Treatment for rectocele varies depending on the severity of the condition and the symptoms experienced. Non-surgical options are often the first line of treatment, especially for mild cases. Lifestyle changes, such as increasing fiber intake and staying hydrated, can help manage constipation and reduce the need to strain during bowel movements, which in turn can prevent the rectocele from worsening. Avoiding activities that involve heavy lifting or straining is also important in managing the condition.

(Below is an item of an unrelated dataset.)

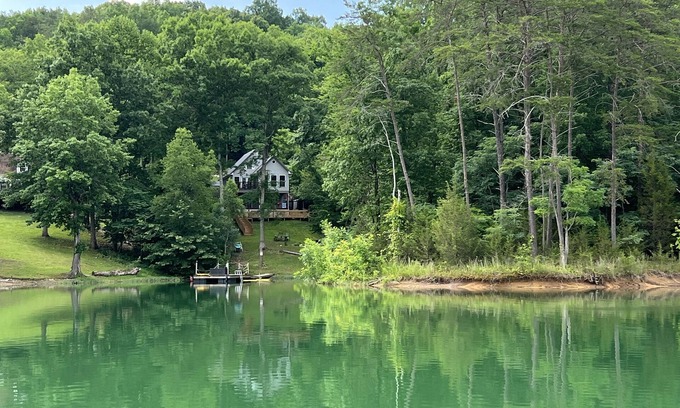 Big Creek Casa | Quiet Cove on the Quiet Side of the Lake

Pelvic floor exercises, particularly Kegel exercises, can help strengthen the pelvic muscles and provide better support for the rectum. For some women, using a pessary—a removable device inserted into the vagina—can provide additional support for the pelvic organs and alleviate symptoms. Bowel management strategies, including the use of stool softeners or gentle laxatives, can also make bowel movements easier and reduce strain on the pelvic floor.

In cases where non-surgical methods are not effective or the rectocele is more severe, surgical treatment may be necessary. The most common surgical procedure is posterior colporrhaphy, which involves tightening and repairing the connective tissue and muscles between the vagina and rectum. In some cases, a synthetic mesh may be used to reinforce the vaginal wall, although this approach is controversial due to potential complications.

Transanal repair is another surgical option, though it is less commonly used and involves repairing the rectocele through the anus rather than the vagina. After surgery, patients typically require a recovery period and should avoid activities that could stress the surgical repair. Pelvic floor exercises may be recommended to help prevent recurrence, and regular follow-up care is important to monitor recovery and ensure that the rectocele does not return.

The choice of treatment should be made in consultation with a healthcare provider, considering the patient’s symptoms, lifestyle, and personal preferences. Non-surgical treatments may be sufficient for mild cases, while more severe cases often require surgical intervention to restore normal function and anatomy.